Sorgt das Zika-Virus für die Unterentwicklung bei Neugeborenen?

Seit Oktober vergangenen Jahres sind über 11.000 Babys in Kolumbien von dem sogenannten Zika-Virus betroffen. Diese Virusform wurde erstmals vor über 40 Jahren in Uganda beschrieben und wird von den Aedes-Mücken übertragen. Diese Virusinfektion kann ohne oder mit nur sehr milden Symptomen ablaufen. In manchen Fällen äußert sie sich durch Fieber, Hautausschlag, Muskel-, Kopf- und Gelenkschmerzen. Das beängstigendste Symptom ist allerdings eine Schädigung des ungeborenen Kindes.

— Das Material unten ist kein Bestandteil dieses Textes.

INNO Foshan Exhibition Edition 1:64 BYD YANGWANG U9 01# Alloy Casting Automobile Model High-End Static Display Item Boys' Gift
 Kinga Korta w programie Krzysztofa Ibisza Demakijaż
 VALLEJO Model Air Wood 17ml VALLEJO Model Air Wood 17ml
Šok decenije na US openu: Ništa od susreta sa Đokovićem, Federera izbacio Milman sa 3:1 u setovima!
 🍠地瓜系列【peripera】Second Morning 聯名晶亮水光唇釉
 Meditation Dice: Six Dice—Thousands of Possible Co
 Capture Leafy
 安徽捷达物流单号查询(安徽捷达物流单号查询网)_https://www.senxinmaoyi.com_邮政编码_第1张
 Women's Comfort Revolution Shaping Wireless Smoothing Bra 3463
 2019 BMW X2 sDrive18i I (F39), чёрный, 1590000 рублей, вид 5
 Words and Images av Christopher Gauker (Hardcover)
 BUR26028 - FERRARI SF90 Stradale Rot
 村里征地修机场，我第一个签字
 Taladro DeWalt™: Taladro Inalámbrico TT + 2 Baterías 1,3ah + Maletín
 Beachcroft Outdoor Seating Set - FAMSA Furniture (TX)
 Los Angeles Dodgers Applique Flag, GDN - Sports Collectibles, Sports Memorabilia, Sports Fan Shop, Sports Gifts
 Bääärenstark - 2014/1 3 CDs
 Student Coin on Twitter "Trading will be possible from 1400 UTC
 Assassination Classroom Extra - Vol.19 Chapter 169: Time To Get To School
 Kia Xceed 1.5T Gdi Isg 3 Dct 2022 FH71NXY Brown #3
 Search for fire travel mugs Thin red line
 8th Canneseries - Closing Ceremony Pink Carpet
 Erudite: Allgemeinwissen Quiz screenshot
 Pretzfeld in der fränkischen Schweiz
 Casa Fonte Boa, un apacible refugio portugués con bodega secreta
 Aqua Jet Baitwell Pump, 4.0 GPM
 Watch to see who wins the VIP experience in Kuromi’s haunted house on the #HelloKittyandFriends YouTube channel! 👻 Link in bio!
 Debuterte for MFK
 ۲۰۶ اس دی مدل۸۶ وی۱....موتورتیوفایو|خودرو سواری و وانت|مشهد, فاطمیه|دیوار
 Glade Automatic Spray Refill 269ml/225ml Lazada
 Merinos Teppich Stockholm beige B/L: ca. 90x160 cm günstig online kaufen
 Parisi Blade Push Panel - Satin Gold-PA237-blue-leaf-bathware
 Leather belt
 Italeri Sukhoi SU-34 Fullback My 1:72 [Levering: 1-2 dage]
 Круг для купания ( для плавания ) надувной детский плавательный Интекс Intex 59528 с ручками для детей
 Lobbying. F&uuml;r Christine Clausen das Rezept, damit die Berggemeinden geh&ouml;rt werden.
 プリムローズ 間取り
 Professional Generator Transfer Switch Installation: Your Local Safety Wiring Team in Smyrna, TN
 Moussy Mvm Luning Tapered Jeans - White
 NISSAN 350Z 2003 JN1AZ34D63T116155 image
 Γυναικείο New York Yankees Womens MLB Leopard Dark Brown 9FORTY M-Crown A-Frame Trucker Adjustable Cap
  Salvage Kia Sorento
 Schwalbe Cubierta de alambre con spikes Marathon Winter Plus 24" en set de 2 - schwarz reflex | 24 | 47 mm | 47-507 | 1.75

Nun wird das Zika-Virus erstmals mit der Entwicklung eines kleinen Kopfes bei Neugeborenen in Verbindung gebracht. Im November fanden Forscher Genspuren im Fruchtwasser zweier Schwangerer, die ein Kind mit zu kleinem Kopf geboren hatten. Ein einwandfreier Beweis für den Zusammenhang zwischen einem kleinen Kopf und dem Vorkommen des Zika-Virus ist allerdings noch nicht erbracht. Auch andere Infektionen wie Röteln oder auch vermehrter Alkoholkonsum während der Schwangerschaft können die Entwicklung des Kindes immens beeinträchtigen.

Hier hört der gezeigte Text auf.